Well not a real cruise but the emotion of almost dying was pretty intense....guess I should start at the beginning. As you all know (well both of you), I am involved in a Make Over Challenge and spent this weekend at a seminar with 19 of my new friends.

First let me share my some frustration about this challenge. I have been at the gym 5 days a week for the last 3 weeks and have lost .6 of a pound...I do not know why this is but it sucks! Some of the other girls are at 20 pounds...some not much more than I but I very quickly discovered that this is not all about the weight. I feel GREAT! I am eating well, taking supplements and trying to pay attention to more sleep and my stress levels. I must admit that I have more energy (which is a good thing with my schedule), I can walk up stairs without sounding like 'Puff the Magic Dragon', I only wear my knee brace for half a day (due to stronger muscles) and I have lost a total of 4 inches! I guess it is not all frustrating huh!!

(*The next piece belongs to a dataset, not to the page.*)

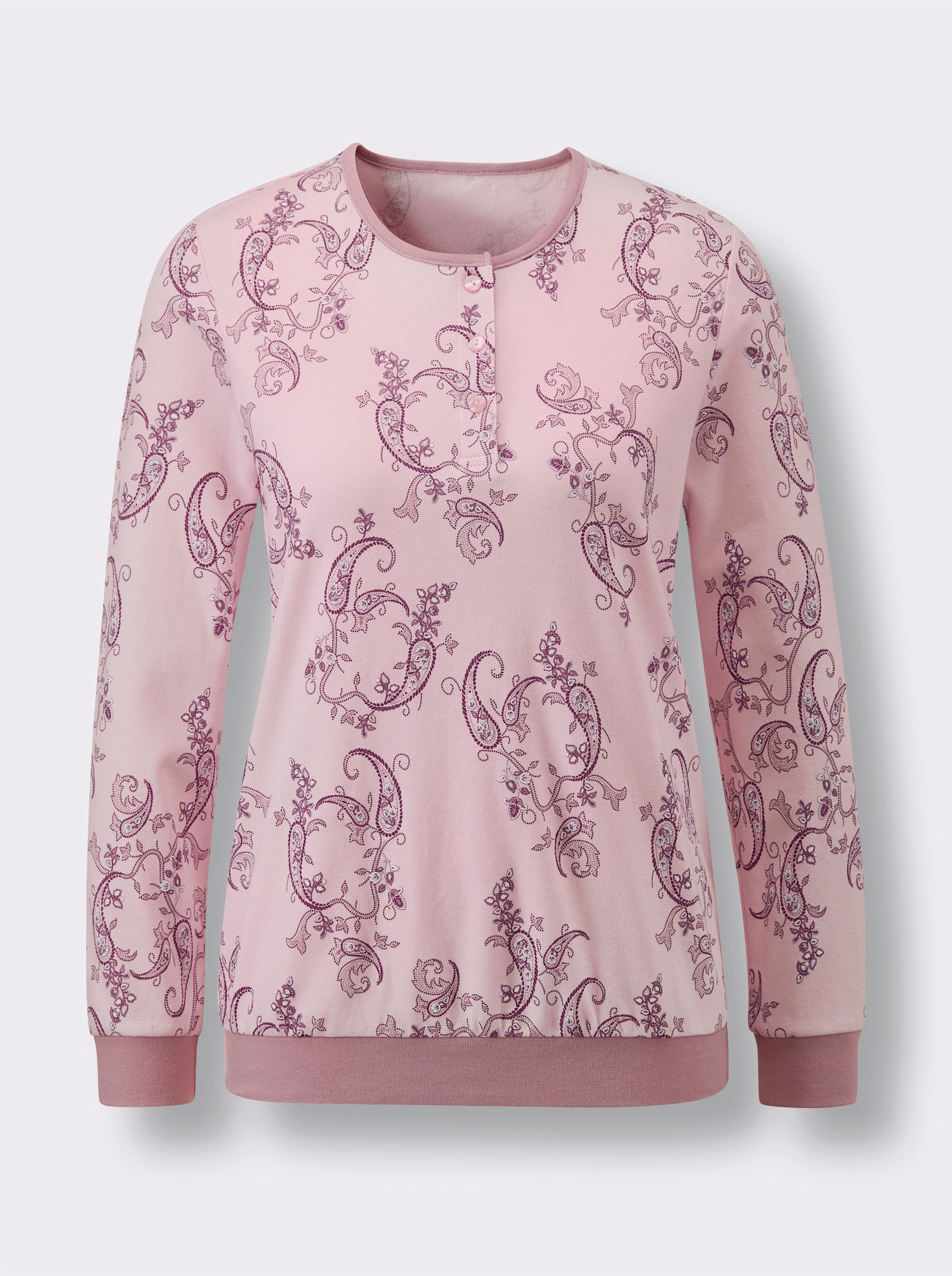 wäschepur Schlafanzug in formstabiler Interlock-Qualität - hortensie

The surprise of the weekend was this soul searching seminar. Now I have done some of this type of thing before, I have helped lead them and seen the reaction and tears that follow yet I was surprised! We spent a lot of time looking at our past, our disappointments and our hurts...I thought I had dealt with most of them but was caught off guard by some of the emotions that surfaced through this exercise. Although I am not sure I even want to print this, it may prove helpful. I am still angry at the many hardships of my life (even though some of them are of my own making), I am still hurt by some of the incidents in my childhood (I cant go farther than that yet) and I am super pissed at Gary, I am angry that I live financially insecure, that I am alone and that he will not sign the papers to give me closure.....these are all things I knew, things I have spent time working on. The shocker for me, what surprised me the most was my lack of confidence!! Yup I said it, I am not very confident in any of my abilities, in fact I am not sure I even have any. Oh I know I do certain things well but I feel I have no real talent, there is not really anything that I am gifted in, not particularly smart...I am just an unexciting common person. We were trying to write a personal mission statement and it was very difficult for me to do. Funny how our perceptions about ourselves affect our everyday thinking. I am not sure what to do about it at this point but I know I have to address it, pray about it and come up with a way to change it.

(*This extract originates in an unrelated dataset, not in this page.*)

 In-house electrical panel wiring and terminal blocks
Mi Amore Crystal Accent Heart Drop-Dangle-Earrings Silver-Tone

I am off to the gym now so I cant get into it more than that....but I will, and I hope that you will not be bored by my newest journey. I guess I will have to tell you about the cruise another day, but it was on this make believe cruise with 4 new friends that I discovered something quite disturbing about myself....it was also because of these new friends that I intend to do something about it!!!

Monday, February 14, 2011

The past 10 days...

10 days have passed, 10 days of working out and eating right...10 days of looking for a house to move to...10 days of having no luck in any of these things...10 days of wondering....

Lets start with the 'new' lifestyle...I have been working out 5 days a week, watching what I eat and taking my vitamins...so far I have not noticed a change, gained a few pounds actually, now that my friends is a bit of a kick in the pants...I will admit to a bit of disappointment however I am still committed to continuing on this journey. I do think that I am feeling better although the stress of the last few months has made it difficult to notice.

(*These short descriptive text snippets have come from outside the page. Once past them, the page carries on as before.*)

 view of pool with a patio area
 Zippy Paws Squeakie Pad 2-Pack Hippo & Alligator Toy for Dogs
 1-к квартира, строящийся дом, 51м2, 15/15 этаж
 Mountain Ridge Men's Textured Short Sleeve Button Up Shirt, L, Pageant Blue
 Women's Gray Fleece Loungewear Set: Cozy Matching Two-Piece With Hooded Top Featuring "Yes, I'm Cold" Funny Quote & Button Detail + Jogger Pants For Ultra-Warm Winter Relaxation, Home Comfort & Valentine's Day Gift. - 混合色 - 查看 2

The other hard part is the realization that we are going to have to move into a small place that is probably situated in a neighborhood that I am not thrilled with. This is a very hard thing for me to deal with...I am surprised by the feelings that I am having...not quite ready to downsize and it makes it apparent that the dream is definitely gone. I now that it is stupid but I am finding that I am grieving the loss of being comfortable in my old age, you know the one...sitting with the one you love on the porch waiting for the grandkids to arrive and bake cookies...a little house with the mortgage almost paid off and the occasional trip to someplace tropical in the winter...and for the record it makes me mad!

Now please don't get me wrong, I love most things about my life....I could live without the financial hardship but I love my kids and adore my handsome grandson!! I am fortunate enough to also have an adopted granddaughter who is cute as can be. I have a job I love (albeit a bit stressful these days) and some of the most amazing friends anyone could have....I still sometimes long for a life that is not quite so difficult.

So as hard as some of it is, as much as some days throwing in the towel seems like a good plan I intend to go on with the new lifestyle, I plan to look for a home that Jordan & I can be comfortable in and I plan to continue to trust that God will provide..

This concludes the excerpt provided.